# [Task goal]
Reproduce the records below exactly, but only between the lines holding "Une chambre à" and "Ferrari vintage racing", inclusive.

Available records section start

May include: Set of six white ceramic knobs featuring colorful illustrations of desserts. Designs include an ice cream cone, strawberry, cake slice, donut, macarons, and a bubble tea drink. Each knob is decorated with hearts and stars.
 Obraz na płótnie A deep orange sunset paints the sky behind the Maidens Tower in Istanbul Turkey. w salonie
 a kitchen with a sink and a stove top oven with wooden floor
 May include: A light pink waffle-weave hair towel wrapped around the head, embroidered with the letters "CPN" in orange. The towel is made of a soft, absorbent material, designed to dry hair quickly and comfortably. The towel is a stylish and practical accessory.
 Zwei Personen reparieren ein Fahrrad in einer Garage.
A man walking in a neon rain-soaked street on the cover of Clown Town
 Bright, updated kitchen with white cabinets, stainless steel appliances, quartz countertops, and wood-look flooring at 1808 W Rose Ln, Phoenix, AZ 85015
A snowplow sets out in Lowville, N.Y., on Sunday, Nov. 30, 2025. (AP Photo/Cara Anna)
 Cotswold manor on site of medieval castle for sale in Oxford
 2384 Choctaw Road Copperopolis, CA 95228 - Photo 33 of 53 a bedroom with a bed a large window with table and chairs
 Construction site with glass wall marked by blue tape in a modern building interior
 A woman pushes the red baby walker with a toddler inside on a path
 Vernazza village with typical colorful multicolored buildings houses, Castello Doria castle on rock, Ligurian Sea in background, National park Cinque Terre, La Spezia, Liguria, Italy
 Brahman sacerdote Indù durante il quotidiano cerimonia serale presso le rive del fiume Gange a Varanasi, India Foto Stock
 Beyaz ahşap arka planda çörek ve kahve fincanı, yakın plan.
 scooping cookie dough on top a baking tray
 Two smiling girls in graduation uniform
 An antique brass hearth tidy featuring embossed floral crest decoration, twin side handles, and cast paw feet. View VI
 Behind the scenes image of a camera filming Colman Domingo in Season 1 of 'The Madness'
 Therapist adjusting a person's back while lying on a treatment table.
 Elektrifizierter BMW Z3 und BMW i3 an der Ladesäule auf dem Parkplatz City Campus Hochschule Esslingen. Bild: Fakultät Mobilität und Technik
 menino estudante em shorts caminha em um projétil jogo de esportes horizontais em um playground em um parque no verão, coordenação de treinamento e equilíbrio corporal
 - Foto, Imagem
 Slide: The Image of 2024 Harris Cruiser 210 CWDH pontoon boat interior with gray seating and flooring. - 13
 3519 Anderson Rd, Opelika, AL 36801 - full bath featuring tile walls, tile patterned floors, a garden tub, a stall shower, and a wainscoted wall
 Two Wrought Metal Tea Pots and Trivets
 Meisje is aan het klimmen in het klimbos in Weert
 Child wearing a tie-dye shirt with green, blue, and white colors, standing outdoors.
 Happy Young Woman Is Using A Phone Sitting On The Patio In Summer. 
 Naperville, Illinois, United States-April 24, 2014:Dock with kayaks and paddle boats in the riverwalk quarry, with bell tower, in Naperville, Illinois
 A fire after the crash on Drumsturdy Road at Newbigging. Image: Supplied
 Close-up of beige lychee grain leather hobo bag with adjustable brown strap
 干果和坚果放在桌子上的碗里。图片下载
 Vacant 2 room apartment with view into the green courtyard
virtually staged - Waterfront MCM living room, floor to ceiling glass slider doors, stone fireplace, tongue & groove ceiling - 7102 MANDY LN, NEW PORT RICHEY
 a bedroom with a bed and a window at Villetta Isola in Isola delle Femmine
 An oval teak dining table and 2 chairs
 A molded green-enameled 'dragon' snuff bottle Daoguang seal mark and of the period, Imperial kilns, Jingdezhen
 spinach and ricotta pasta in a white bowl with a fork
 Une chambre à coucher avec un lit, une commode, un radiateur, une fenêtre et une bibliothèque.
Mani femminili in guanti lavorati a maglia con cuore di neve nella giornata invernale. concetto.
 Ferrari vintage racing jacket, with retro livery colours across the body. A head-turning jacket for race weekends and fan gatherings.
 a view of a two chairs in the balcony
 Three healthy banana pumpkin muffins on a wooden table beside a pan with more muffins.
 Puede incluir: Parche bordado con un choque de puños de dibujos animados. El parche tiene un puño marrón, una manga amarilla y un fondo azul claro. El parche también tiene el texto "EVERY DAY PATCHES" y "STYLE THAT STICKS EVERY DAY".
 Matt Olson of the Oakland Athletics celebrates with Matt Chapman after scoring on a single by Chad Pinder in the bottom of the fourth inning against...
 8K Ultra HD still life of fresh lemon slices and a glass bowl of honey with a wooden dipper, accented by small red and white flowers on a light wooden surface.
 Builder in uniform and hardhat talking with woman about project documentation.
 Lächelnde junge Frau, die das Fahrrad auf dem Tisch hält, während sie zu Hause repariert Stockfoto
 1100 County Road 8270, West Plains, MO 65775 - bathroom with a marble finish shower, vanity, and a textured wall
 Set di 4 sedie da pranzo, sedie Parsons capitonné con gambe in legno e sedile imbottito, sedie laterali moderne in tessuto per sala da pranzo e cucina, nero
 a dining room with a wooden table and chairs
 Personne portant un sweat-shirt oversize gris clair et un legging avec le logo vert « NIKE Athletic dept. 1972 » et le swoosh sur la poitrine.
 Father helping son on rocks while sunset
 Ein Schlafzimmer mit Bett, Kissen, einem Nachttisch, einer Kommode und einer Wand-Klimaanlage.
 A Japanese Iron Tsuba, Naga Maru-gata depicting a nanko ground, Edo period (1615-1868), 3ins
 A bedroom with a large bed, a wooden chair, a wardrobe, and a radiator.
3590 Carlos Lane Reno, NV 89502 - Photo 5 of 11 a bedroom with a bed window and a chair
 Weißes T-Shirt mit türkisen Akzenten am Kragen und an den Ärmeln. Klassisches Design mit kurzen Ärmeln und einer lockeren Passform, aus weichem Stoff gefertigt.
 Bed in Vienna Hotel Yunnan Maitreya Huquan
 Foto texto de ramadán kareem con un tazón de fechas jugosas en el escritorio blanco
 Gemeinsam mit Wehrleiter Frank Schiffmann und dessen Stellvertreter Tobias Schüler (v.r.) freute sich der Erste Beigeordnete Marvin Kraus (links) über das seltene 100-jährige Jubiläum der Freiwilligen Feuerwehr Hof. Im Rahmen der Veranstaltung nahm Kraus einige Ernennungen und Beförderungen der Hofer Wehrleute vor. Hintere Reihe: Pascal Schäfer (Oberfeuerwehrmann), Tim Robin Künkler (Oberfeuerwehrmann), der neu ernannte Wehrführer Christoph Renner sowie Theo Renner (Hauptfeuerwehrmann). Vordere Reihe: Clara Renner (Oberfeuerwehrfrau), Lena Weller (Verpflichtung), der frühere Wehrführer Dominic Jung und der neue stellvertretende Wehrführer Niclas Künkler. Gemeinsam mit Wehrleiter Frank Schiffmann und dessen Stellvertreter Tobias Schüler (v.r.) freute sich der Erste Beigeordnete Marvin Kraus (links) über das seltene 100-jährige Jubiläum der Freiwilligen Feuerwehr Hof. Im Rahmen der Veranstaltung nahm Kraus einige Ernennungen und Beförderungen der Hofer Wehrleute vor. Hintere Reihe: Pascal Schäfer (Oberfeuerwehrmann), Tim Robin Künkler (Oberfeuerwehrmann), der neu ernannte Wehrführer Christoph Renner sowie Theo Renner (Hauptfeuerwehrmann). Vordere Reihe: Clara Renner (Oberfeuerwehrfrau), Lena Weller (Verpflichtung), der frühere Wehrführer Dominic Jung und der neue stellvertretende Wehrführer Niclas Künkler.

Available records section end

# [Finished exercise]
 Une chambre à coucher avec un lit, une commode, un radiateur, une fenêtre et une bibliothèque.
Mani femminili in guanti lavorati a maglia con cuore di neve nella giornata invernale. concetto.
 Ferrari vintage racing jacket, with retro livery colours across the body. A head-turning jacket for race weekends and fan gatherings.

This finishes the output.